Wednesday, 21 August 2013

Fortitude....Virtue of Martyrs

If there is one thing that characterises modern culture in the developed world it is hedonism.  Defined in Wikipedia as ‘a school of thought that argues that pleasure is the only intrinsic good’, the main goal of a hedonist is unrestrained pleasure.

The watchword of this and the previous generation, ‘if it feels good, do it’ typifies the lives of many who inhabit a moral landscape devoid of reason or restraint.

The Canadian educationalist, Doug McManamin writing in the Catholic Education Resource Centre (CERC) website argues that, “a typical hedonist today does not aspire to anything larger and higher, but settles for ‘feeling good’. Such a life does not require fortitude. But a truly meaningful life whose meaning (direction) is determined in regards to man's true end, which is the knowledge and love of the greatest good, does indeed require fortitude”.

Sounding curiously dated, the word fortitude is not common currency in the language of contemporary Scotland. It is however alive and well in the actions and motivations of believers across the world. Sadly however, this virtue has waned in the character and practice of many Christians in the increasingly materialistic western church.

Webster’s dictionary defines fortitude as, “mental and emotional strength in facing adversity, danger, or temptation courageously.” Fortitude is not an attitude of ‘rushing in where angels fear to tread’. As one commentator sagely declared, “putting our bodies or lives in danger when it is not necessary is not fortitude but foolishness.”

Fortitude is a virtue on open and sometimes heroic display as Christians in the Middle and Far East, North Africa and the Indian sub continent take a stand for their faith in the face of violent state opposition.

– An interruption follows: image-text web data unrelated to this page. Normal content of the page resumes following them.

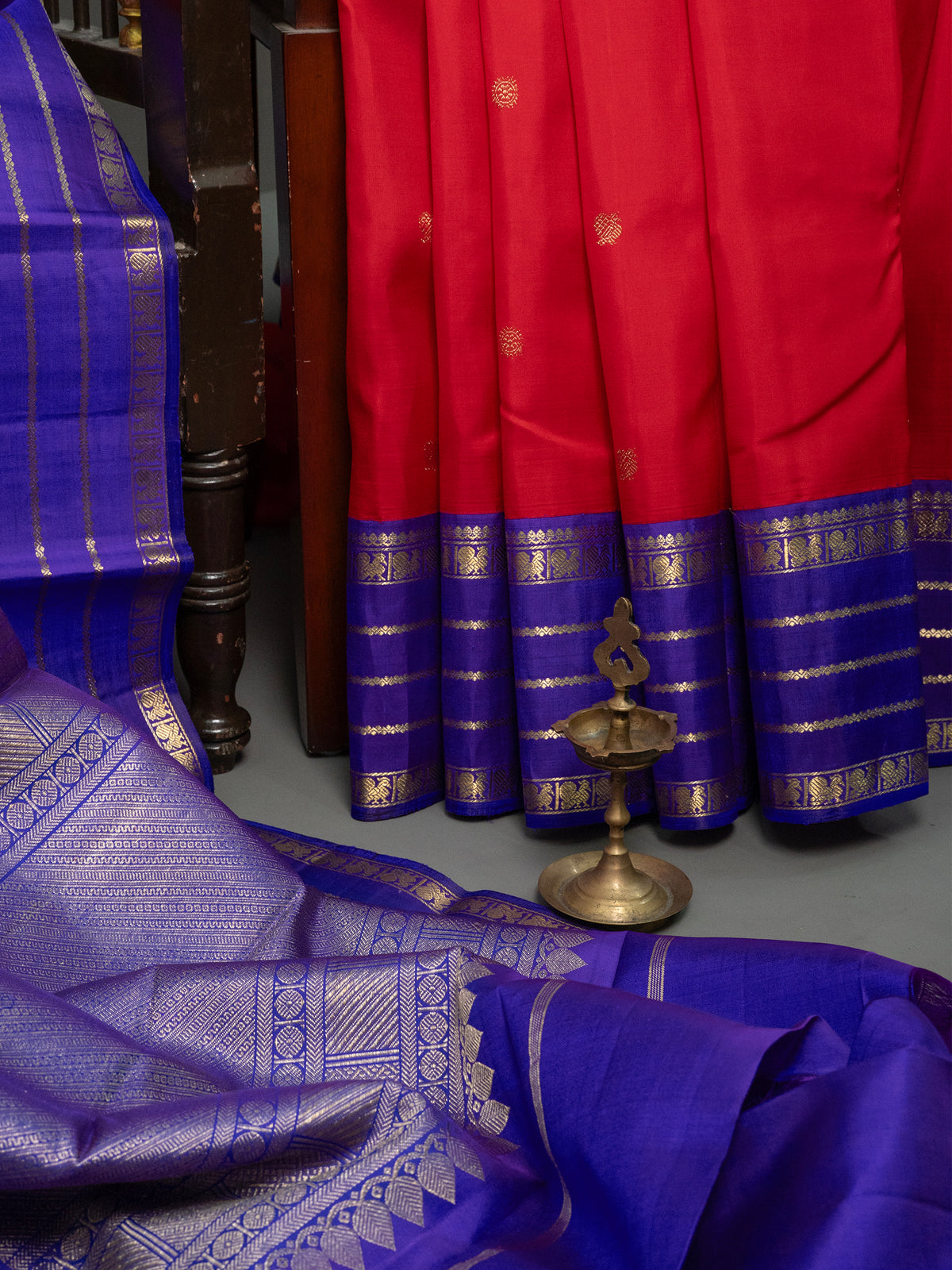 Red veldhari Korvai Kanjipuram Silk Saree CLSA5280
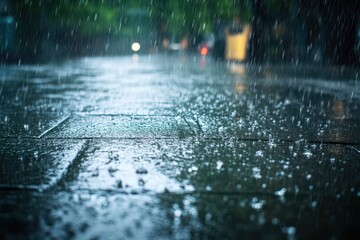 Rainwater droplets falling on wet pavement during a rainy day in an urban setting, Rainy on floor background, Rain water drop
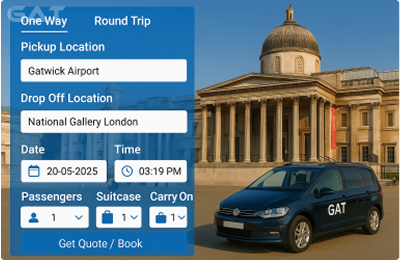 Booking Process Luxury minicab Gatwick to National Gallery
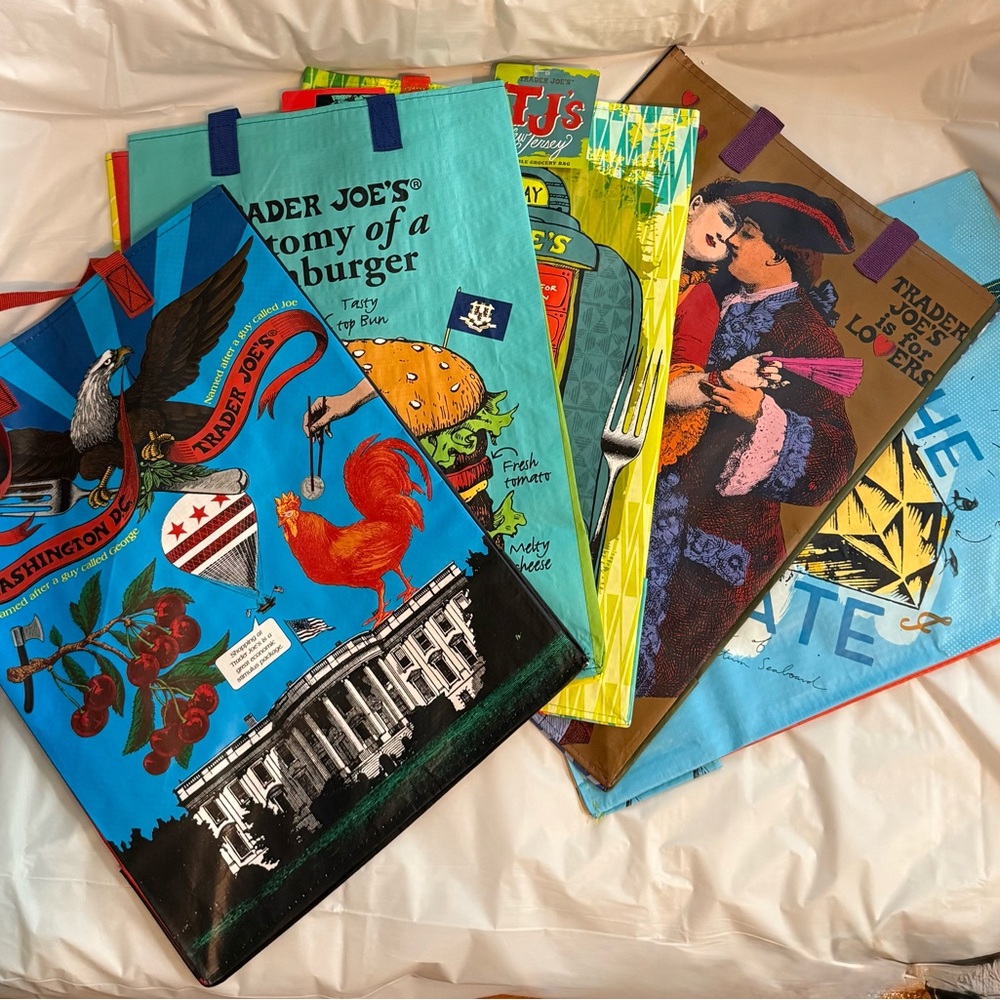Trader Joe’s 2025 Reusable Totes - Set of 5 - NWT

The highest levels of persecution are recorded in the Muslim states and North Korea where imprisonment or death awaits those who share their faith in Christ. In common with Jesus’ original disciples who died violently as martyrs, there are many 21st century believers who do not shrink from what they see as their duty to share the new life that they have found in Christ. Their fortitude should be an example to all believers.

While Christians abroad continue to suffer violence and injustice for the sake of their beliefs, closer to home, a new form of persecution is becoming the norm.

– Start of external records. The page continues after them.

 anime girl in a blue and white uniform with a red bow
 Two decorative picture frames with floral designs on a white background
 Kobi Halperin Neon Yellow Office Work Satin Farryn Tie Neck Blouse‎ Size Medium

In Western countries like the UK, secularists are now using the law to attack Christian teachings. Thus, Christians who talk publically about concepts like 'true marriage' and 'natural family' are now considered to be propagators of hate speech.

Let’s pray for a real revival and an upsurge of fortitude in the hearts of Scotland’s believers.

Resurgent Christian fortitude........the antidote to the tide of secularism sweeping across our land!!